THE NIMBA COUNTY Senator explained that an impeachment proceeding, according to the constitution, starts from the lower house. “The lower house has the responsibility to prepare the bill of impeachment. The bill of impeachment will carry the charges. When you have done that, the second step is for the legislature, that means the Senate and the lower house to come out with the rules of proceeding.”

WE AGREE WITH Senator Johnson that the process so far has been entangled in constitutional violations which could pose serious repercussions for the future dispensation of justice in Liberia.

CHIEF JUSTICE FRANCIS KORKPOR and those drumming up charges against Associate Justice J’aneh must be mindful about the intricacies compounding this controversy.

AS SENATOR JOHNSON ASSERTS: “The rules of proceedings should be drawn out by both houses to guide the impeachment process; then when it is drawn out, the lower house will now instruct or subpoena the accuse to appear before it for hearing and due process.”

IN THE CASE OF Justice J’aneh, he was not given due process and impeached.

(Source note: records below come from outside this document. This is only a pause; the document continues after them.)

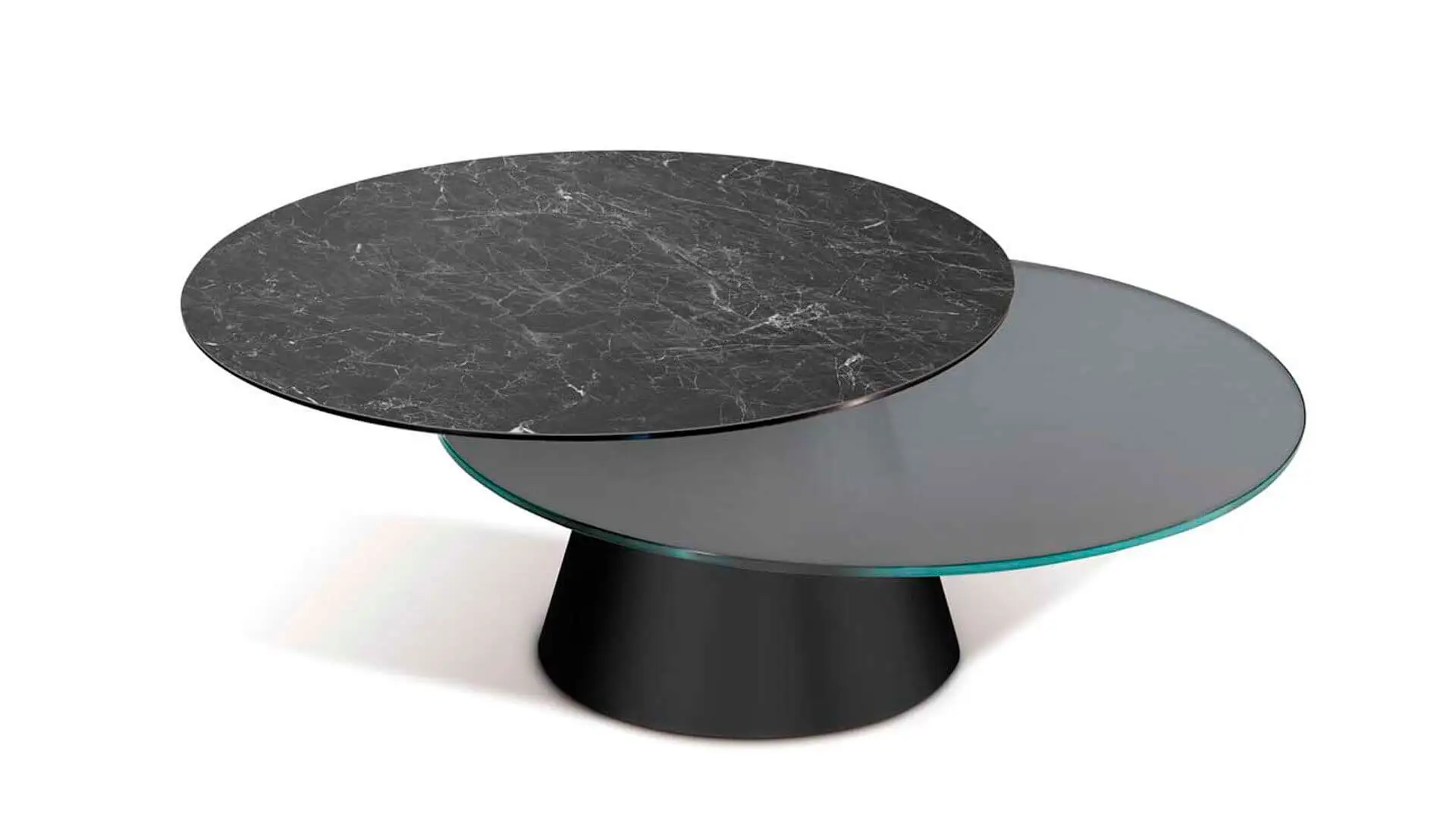 round two top coffee table in ceramic and glass combination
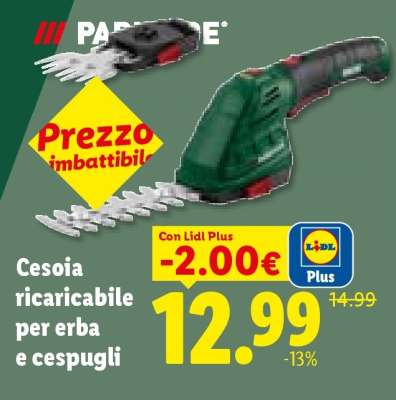 Cesoia ricaricabile per erba e cespugli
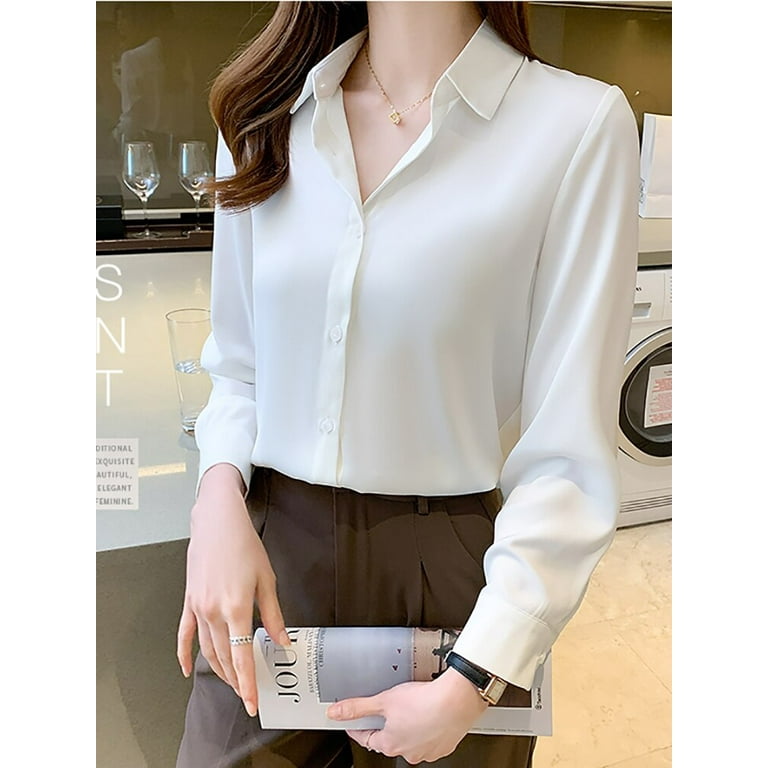 PIKADINGNIS Spring White Blouse Women Fashion V-neck Satin Long Sleeve  Elegant Office Ladies Shirts Casual Tops And Blouses Femme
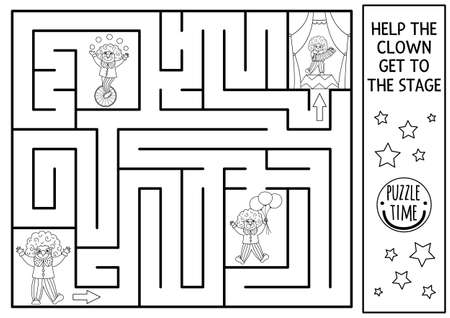 Circus black and white maze for kids with clown going to the stage. Amusement show preschool line printable activity with cute artist or performer. Entertainment labyrinth coloring pageのイラスト素材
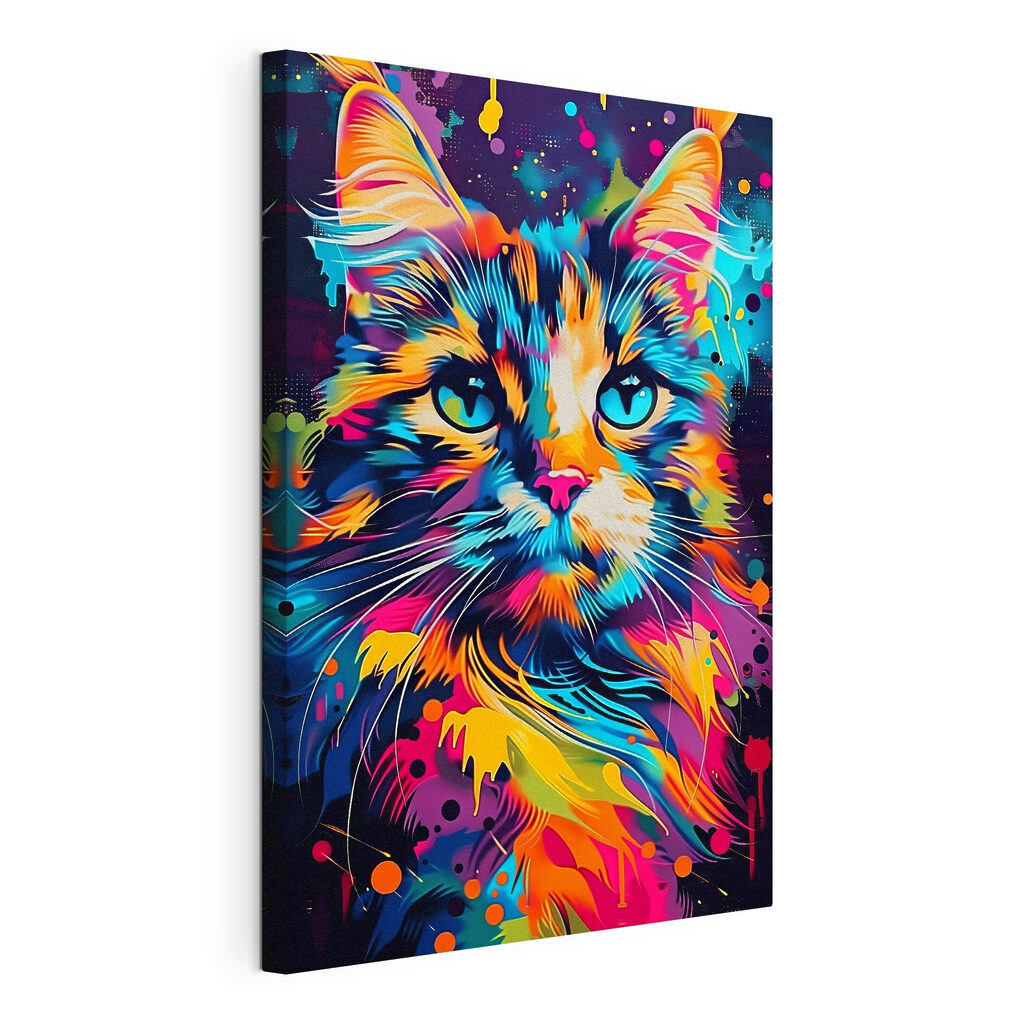 Gato entre salpicaduras, lienzo tensado con el borde envolvente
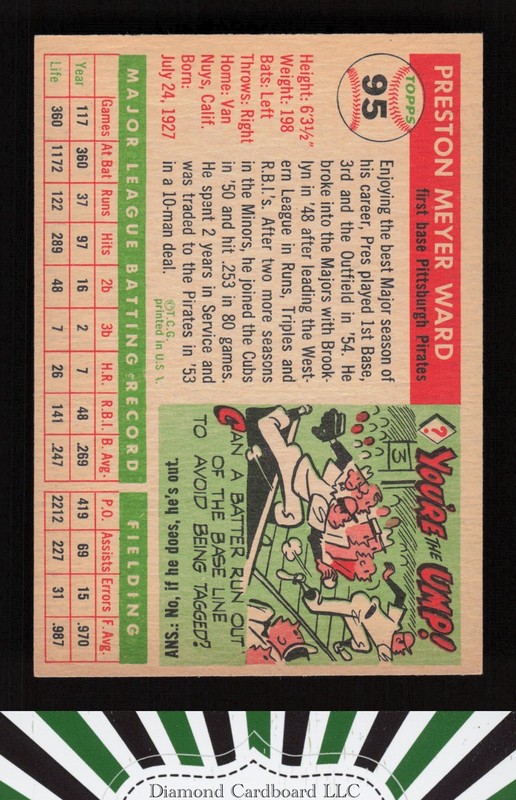 1955 Topps #95 Preston Ward VGEX+ g, back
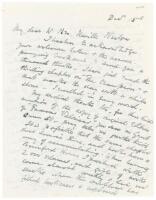 Charles Pratt Green, cricket collector and wine merchant. Two page handwritten letter from Pratt Green to George Neville Weston dated 15th December [c.1942]. Writing from his Malvern home, Green acknowledges receipt of a book and reports, ‘I have just rea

CITING THE 1986 Constitution, Senator Johnson opined that 33 years ago, the 1986 when the constitution was written, it was the responsibility of the national legislature to come out with a set rules of proceedings for impeachment of the President, the vice president, associate justices of the supreme court and anyone else and there should have been a law passed, a set rule drawn out by the entire body.

IN DRAWING OUT the rules, the Senator added, the Senate drew out its own rule, the lower house drew out their own rules – contrary to the language of the constitution that says both houses must come together and draw one singular rule. “They did not do that. Besides that, they say he (J’aneh)used his power as associate justice to seize someone’s land. “Listening to the hearing, we discovered that Kabineh brought the land in 1986 from the Constance family in the court of law, in the probate court when he was not associate justice when the people accused him.”

THE NIMBA COUNTY lawmaker also took aim at another aspect of the claims against Justice J’aneh regarding the issue of the road fund, money that was supposed to be collected by the petroleum sellers to construct roads in the country.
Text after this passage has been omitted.